But with that quiet comes the good stuff. The silence makes it easier to remember why I’m here, what I’m practicing, why I care about this and how it fulfills me. To practice vipassana is to observe things as they really are (as opposed to how they may appear or how one may want them to be). To truly understand vipassana meditation, one must observe it at the most basic, experiential level – through the framework of the body. Vipassana is observing, experiencing, and ultimately understanding the constant changing nature of both the physical and mental structures. This is what I’m being reminded of. This is what I am re-learning.

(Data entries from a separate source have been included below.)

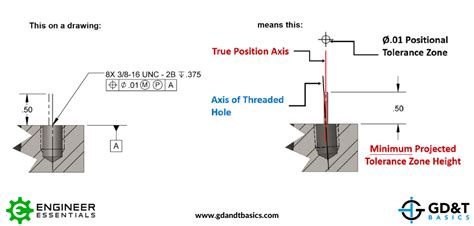 Projected Tolerance Zone Gdandt Basics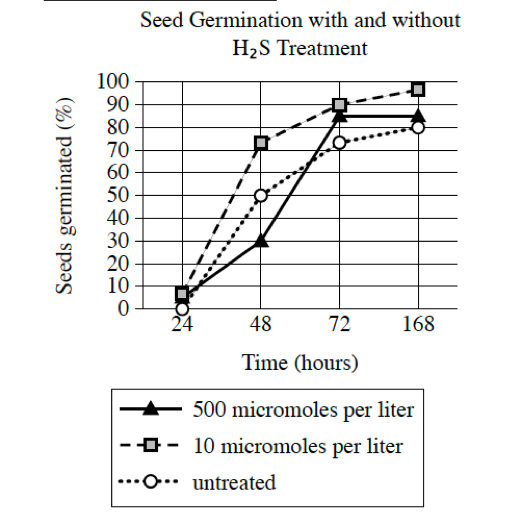<p>In high concentrations, hydrogen sulfide (H₂S) is typically toxic to many plants. Frederick D. Dooley and colleagues wanted to understand what effects low doses of H₂S might have on plant growth. They treated bean, corn, wheat, and pea seeds with various concentrations (measured in micromoles per liter) of H₂S and tracked the germination of those seeds along with the germination of untreated seeds. Treatment with particular concentrations of H₂S was associated with accelerated germination: for example, ______</p><p>Which choice most effectively uses data from the graph to complete the statement?</p><p>A. at 24 hours, less than 10% of seeds treated with H₂S at a concentration of 10 micromoles per liter had germinated, whereas more than 90% of those seeds had germinated at 168 hours.</p><p>B. at 48 hours, more than 70% of seeds treated with H₂S at a concentration of 10 micromoles per liter had germinated, whereas only approximately 50% of untreated seeds had germinated.</p><p>C. at 168 hours, more than 90% of seeds treated with H₂S at concentrations of 10 or 500 micromoles per liter had germinated, whereas less than 70% of untreated seeds had germinated.</p><p>D. at 48 hours, approximately 50% of seeds treated with H₂S at a concentration of 10 micromoles per liter had germinated, whereas only approximately 30% of untreated seeds had germinated.</p>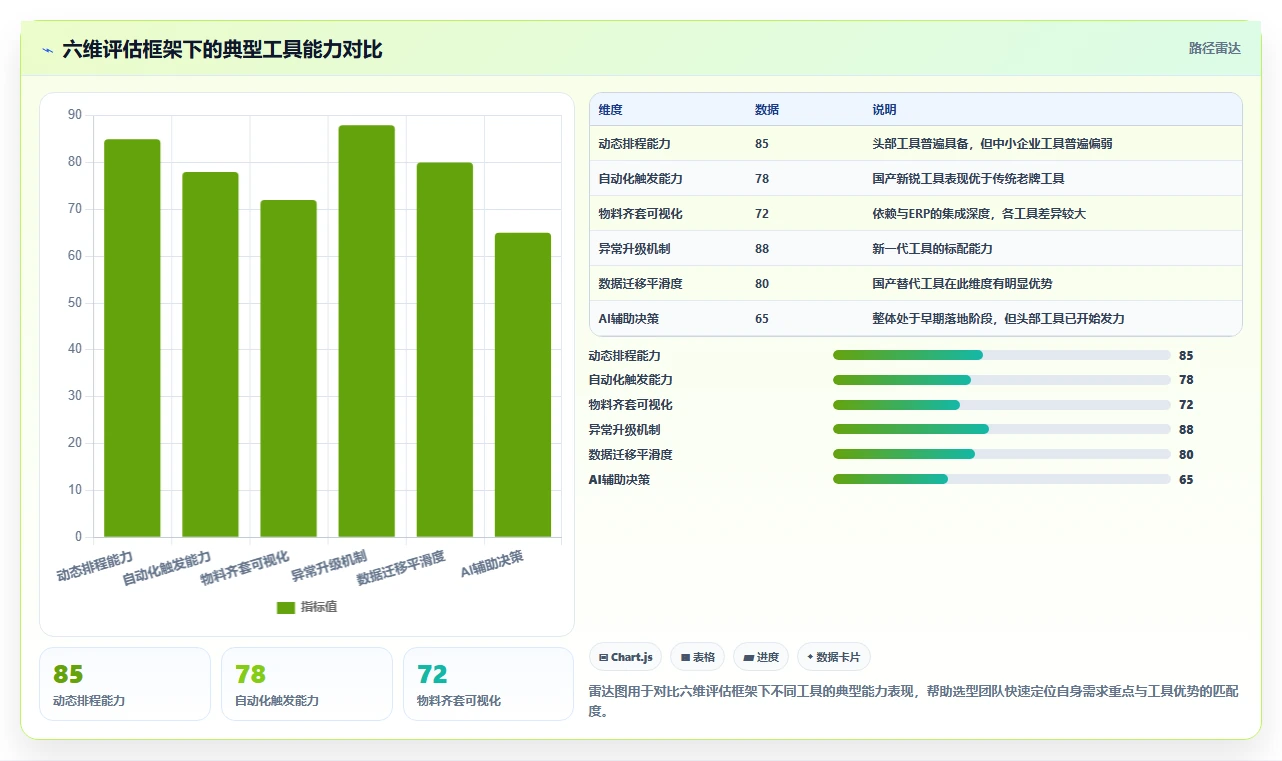 2026年制造企业项目管理系统选型指南:6款工具缩短交付周期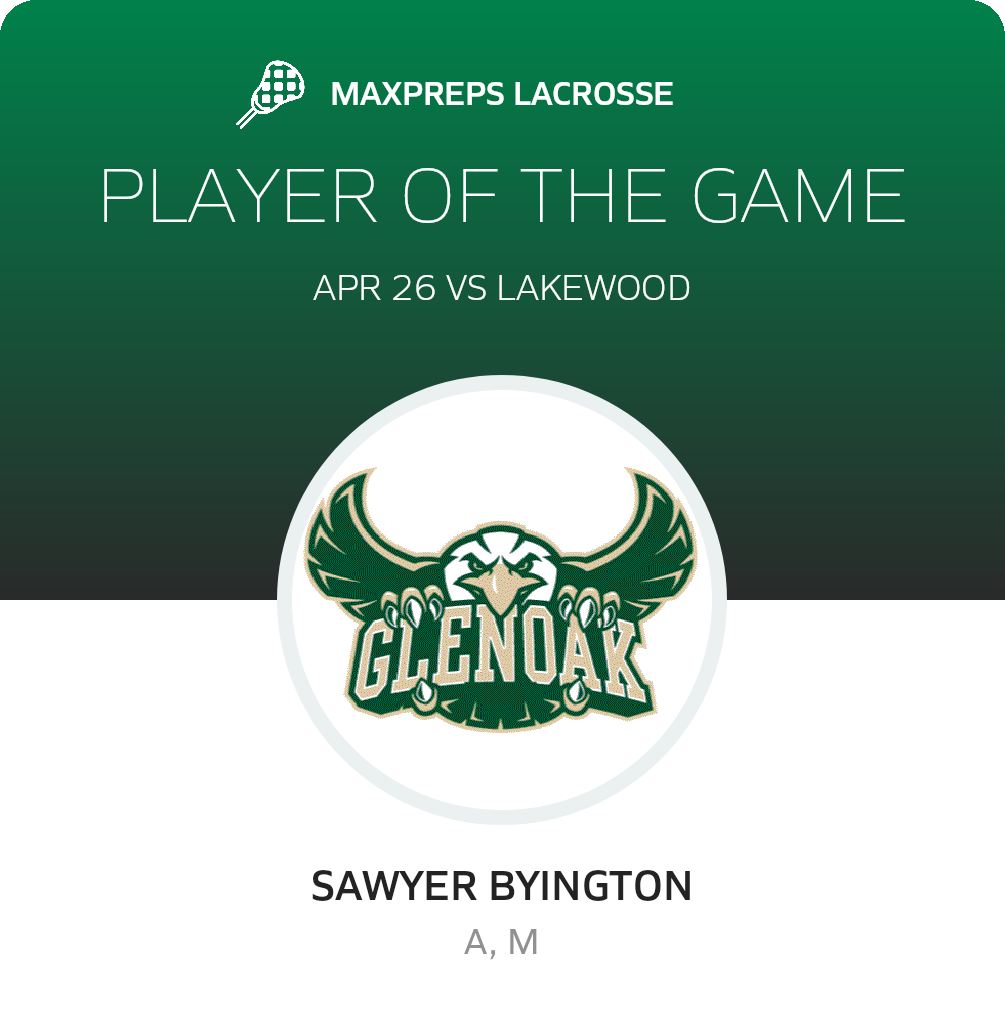 Player of the Game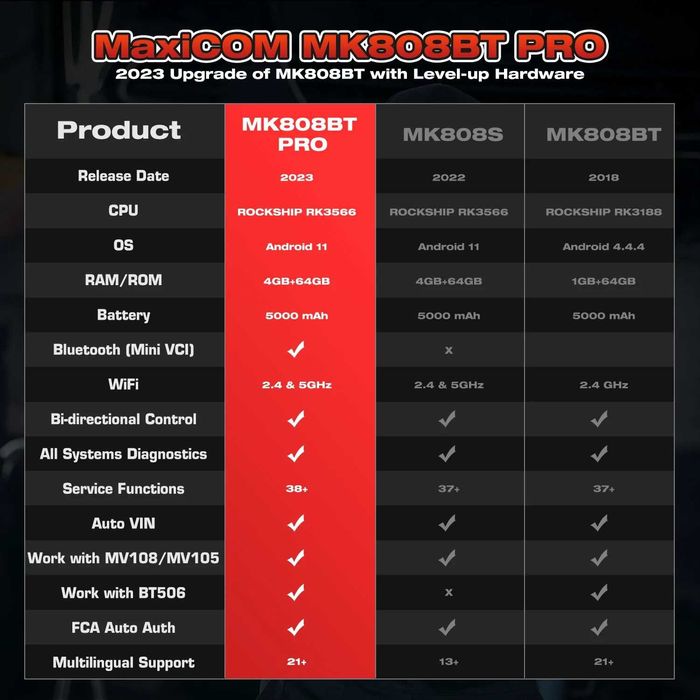 Autel MaxiCOM MK808BT PRO   nova 2025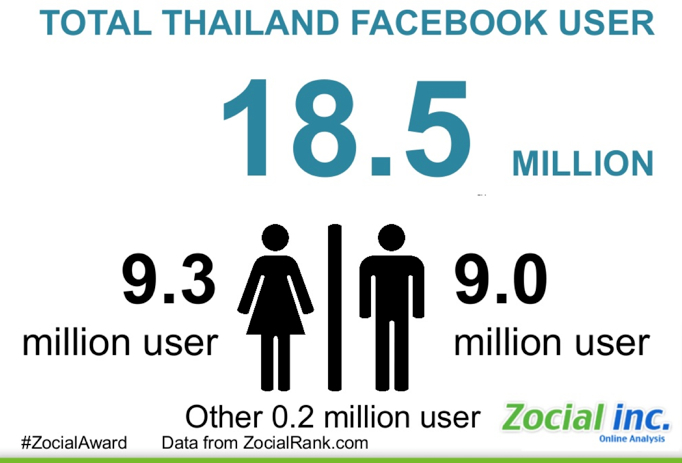 facebook thailand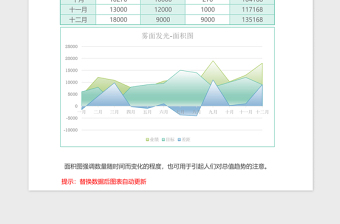 2025雾面年度销售业绩分析面积图Excel模板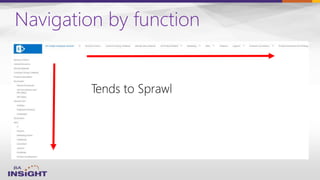 Navigation by function
 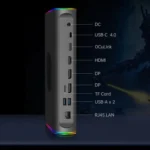 ONE-NETBOOK OneXGPU2 AMD Radeon RX 7800M 12GB Portable Expansion Dock - Image 6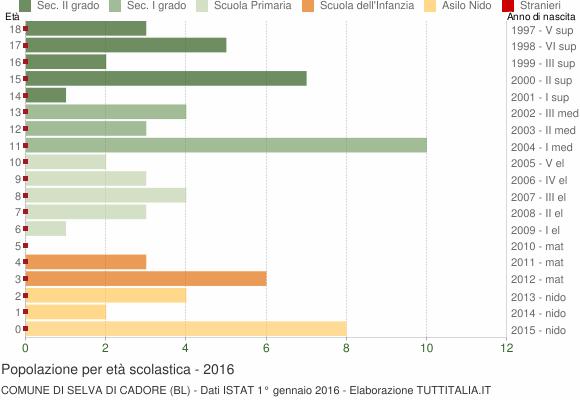 Grafico Popolazione in età scolastica - Selva di Cadore 2016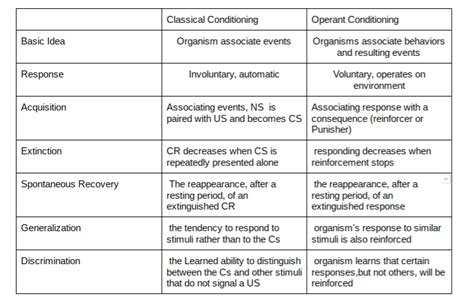 Module 28: Operant Conditioning's Applications, and Comparison to Classical Conditioning Diagram ...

Day Five. Theoretically, we all understand constant change. Rushes of emotions; stages of a relationship; life itself. On the surface level, we grasp impermanence – we know that anger and sadness fade away, that people and pets die and don’t come back. But we are creatures of habit, creatures of reactions, and while on some level we may “get” that old proverb – “No man steps in the same river twice, for he is not the same man and it is not the same river” – it’s very difficult to truly know this on the experiential, primal level. Vipassana teaches us to simply observe the ever-changing sensations constantly occurring on our body, to experience them but not react to them. Only then can we slowly come to a true understanding of impermanence, which is – I think – the ultimate law of nature. And only then can we accept the ephemeral nature of everything in life with peace, instead of with bitterness and misery.
Does that sound “so Buddhist” or what? Vipassana, an ancient form of meditation, has Buddhist roots, but is nonsectarian and is practiced by people of all faiths, all around the world, every day. That’s one huge reason I love it – it’s not a religion, it’s a way of life, no matter what god you pray to (if any) or what kind of afterlife you believe in (if at all). I enjoy the physical act of meditating, but I also enjoy making connections between the practice of vipassana and how it applies to nature, to human habits, to our intellectual understandings of change, peace, and harmony. I believe in those things and therefore I find it important to practice those things. This is my way of taking a big idea (or many) off the shelf and playing with it in my hands, tossing it gently to and from while I observe it. I don’t like just staring up at ideas or beliefs high up on an imposing shelf. I like to grapple with them, hold them up to the light, come to my own personal and individual understanding of what it is and what it means and how I experience it and relate to it.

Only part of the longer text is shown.